Dear Gasification Colleagues
With a resurgence of interest in old WWII gasifiers by this forum, it pays to remember about this period of time. With very few of these gasifiers surviving 50-60 years, the literature can give the reader a confusing and sometimes conflicting understanding of how they worked.
In 1989, I had the opportunity to inspect a collection of WWII gasifiers actually purchased from the original agents that sold them throughout Germany. The collection is complete with original operating manuals, and I understand a huge range of documentation obtained from the government archives.

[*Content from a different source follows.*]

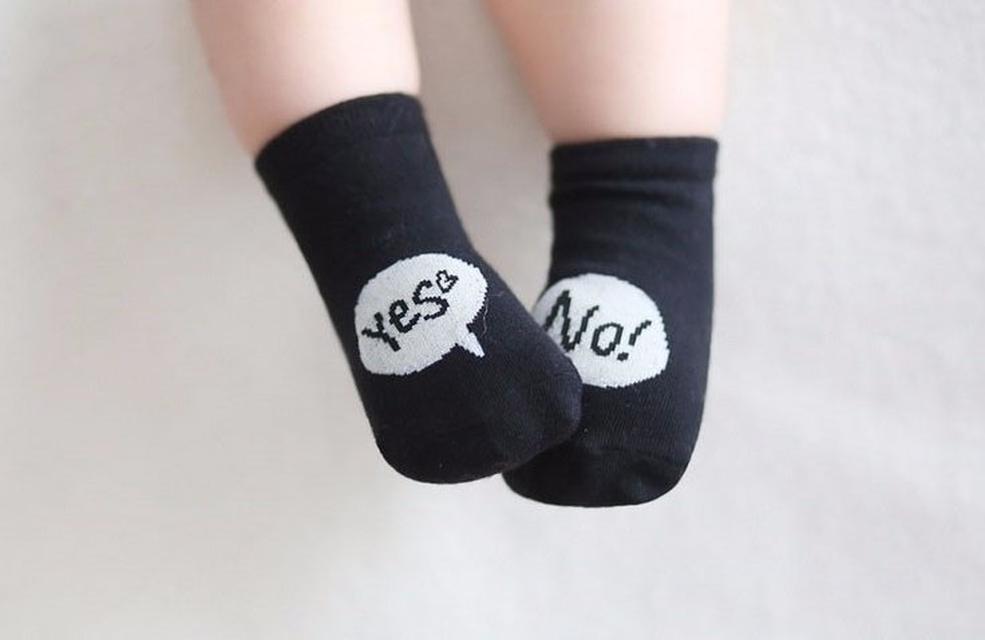 ถุงเท้าเด็กเล็ก Yes/No สีดำเท่ๆ สำหรับเด็ก 0-2/2-4 ปี 4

The owner of the collection is Harold Steppart, and he is often in attendance at biomass conferences in Germany, but I personally have no current contact details. Harold's intentions were to one day set up a working museum and as its now 11 years since I last spoke with him, maybe its already a reality. He is by the way an engine designer and is the best I have met when it comes to discussion on dual fuel engines. The designs of the gasifiers speak for themselves, and give the thin sheet steel available, the skill of their manufacture is clear to see. It is however one thing to be an innovative manufacturer, and another to make a reliable product.
With so many companies making gasifiers in Germany, the railways engineers were given the task to test them, and duds are included in the collection.
In hindsight, its easy to see why some of these designs had problems, but time and materials were not on their side.
The photographs are without text and my only comment is that some only just work given their dimensional parameters. Unfortunately I didn't record the names of the manufactures.